I’m not sure. I know he’s a liar, but he really looked like he had no clue what I was talking about.

So I forwarded him the information I got from Petra and—”

“Wait. You got that information from Petra?”

“Yeah.”

“Petra, who Single White Female’d you because she’s in love with Tristan?”

“Do you think she lied?” Frankie asked.

“I hate to be on Tristan’s side about anything, but, yes, I absolutely think she lied.

She probably knew about the Emmanuelle thing and thought it wouldn’t last, because she’s Emmanuelle and he’s, well, Tristan, and she got scared you’d take him back, so she wanted you to think he’d done it a lot of times in the past to put the final nail in the cheater coffin. ”

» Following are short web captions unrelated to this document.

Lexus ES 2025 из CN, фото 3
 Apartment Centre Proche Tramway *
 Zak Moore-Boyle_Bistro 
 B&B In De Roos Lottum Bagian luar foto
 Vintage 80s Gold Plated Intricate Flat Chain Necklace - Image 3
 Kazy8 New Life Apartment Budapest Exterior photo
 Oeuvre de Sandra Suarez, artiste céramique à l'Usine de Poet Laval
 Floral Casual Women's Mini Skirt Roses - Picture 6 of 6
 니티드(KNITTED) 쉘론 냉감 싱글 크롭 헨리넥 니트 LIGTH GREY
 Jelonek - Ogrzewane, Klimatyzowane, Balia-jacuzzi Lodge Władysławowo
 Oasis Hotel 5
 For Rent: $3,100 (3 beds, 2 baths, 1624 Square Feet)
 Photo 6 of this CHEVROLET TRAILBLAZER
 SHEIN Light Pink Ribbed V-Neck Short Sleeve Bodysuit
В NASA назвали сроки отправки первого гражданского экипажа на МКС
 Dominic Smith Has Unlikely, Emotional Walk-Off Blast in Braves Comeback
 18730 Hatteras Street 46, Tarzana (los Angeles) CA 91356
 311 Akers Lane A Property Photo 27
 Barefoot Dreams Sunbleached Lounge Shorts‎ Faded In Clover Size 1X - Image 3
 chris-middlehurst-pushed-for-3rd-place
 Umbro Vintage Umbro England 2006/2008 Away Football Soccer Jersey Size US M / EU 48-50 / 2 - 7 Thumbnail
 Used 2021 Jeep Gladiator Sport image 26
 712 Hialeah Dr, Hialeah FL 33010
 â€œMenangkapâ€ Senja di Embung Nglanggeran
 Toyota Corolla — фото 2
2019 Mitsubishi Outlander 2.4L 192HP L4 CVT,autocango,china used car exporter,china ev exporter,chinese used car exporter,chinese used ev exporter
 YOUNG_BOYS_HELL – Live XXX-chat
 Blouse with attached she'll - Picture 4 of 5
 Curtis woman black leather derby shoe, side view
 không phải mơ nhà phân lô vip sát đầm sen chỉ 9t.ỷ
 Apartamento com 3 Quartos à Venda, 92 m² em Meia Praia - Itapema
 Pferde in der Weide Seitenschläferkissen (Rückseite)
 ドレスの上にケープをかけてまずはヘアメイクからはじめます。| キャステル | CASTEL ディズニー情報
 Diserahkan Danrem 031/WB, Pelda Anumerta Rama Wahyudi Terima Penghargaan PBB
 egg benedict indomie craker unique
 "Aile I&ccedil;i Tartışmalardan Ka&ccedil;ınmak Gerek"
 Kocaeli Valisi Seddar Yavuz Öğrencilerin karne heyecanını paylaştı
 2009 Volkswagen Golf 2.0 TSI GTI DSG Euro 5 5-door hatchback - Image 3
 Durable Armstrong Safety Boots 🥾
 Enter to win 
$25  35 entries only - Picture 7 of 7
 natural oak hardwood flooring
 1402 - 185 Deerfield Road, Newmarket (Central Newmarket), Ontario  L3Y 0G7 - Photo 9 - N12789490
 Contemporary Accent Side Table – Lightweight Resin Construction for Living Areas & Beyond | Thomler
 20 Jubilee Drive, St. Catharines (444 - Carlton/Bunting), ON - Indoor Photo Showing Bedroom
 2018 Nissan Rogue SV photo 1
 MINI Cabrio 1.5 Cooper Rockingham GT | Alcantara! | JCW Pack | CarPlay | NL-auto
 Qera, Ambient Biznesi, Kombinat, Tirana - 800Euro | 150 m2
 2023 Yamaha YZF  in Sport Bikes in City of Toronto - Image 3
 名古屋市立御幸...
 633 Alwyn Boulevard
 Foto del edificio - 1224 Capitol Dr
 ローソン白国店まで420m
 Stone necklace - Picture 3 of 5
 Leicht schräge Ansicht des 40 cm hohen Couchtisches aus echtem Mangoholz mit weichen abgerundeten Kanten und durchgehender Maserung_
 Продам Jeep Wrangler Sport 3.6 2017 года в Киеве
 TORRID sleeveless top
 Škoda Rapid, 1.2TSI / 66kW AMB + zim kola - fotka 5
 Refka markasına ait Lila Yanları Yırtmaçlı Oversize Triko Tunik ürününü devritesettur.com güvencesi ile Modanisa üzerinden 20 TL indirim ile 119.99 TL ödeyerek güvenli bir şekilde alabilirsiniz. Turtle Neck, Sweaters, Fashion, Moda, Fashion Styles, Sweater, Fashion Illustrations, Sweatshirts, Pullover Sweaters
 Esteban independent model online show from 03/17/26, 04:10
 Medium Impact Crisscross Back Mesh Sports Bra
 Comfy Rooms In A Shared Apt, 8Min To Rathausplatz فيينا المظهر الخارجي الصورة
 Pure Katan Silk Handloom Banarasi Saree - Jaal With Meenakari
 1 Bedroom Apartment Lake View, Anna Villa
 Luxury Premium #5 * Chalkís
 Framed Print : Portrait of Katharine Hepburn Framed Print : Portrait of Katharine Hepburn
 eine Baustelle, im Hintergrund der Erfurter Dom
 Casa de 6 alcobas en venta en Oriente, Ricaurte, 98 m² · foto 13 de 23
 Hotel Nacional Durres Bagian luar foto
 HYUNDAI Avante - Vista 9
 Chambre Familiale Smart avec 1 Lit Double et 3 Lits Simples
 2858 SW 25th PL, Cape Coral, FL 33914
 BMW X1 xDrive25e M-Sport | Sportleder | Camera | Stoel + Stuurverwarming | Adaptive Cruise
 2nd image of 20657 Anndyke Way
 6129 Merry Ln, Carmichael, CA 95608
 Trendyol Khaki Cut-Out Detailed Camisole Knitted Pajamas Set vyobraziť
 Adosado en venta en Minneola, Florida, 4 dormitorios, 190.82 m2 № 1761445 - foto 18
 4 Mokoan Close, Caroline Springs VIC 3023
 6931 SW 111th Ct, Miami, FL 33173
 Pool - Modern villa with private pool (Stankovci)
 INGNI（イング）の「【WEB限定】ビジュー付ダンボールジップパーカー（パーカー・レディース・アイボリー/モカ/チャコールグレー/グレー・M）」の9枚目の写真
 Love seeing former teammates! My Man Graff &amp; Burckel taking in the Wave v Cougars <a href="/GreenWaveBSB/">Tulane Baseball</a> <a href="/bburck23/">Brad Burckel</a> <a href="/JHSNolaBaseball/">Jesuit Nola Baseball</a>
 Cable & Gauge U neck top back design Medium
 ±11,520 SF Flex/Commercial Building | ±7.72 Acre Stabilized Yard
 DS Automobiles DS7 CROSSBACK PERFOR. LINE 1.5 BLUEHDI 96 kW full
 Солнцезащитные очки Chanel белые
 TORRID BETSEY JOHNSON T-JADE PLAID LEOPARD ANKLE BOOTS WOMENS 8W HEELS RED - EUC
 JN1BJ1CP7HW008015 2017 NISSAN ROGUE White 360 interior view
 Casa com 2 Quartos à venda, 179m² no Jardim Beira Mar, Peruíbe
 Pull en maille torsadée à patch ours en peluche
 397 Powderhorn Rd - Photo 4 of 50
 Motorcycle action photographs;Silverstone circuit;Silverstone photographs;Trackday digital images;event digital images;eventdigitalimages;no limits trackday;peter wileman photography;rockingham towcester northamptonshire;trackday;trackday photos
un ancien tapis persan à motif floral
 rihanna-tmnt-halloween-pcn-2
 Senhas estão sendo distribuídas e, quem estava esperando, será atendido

“Oh.” It was strange, but that actually made more sense than if he had been cheating on her all that time and then rating his clients.

Either way, nothing changed as far as whether or not she wanted to be back together with Tristan, but at least she felt like if that wasn’t true, she could still be friends with him.

It was strange, but the person she wanted to discuss this with was just downstairs.

He was only a few feet away but so far at the same time.

She looked over the balcony at the Liam’s darkened bedroom window.

She wished so badly she could crawl through it like she used to when they were kids.

If she did, she hoped he wouldn’t sleep on the floor.

She missed him. Really missed him. Like her body ached, missed him.

One week. Just one week. They just had to make it through one week.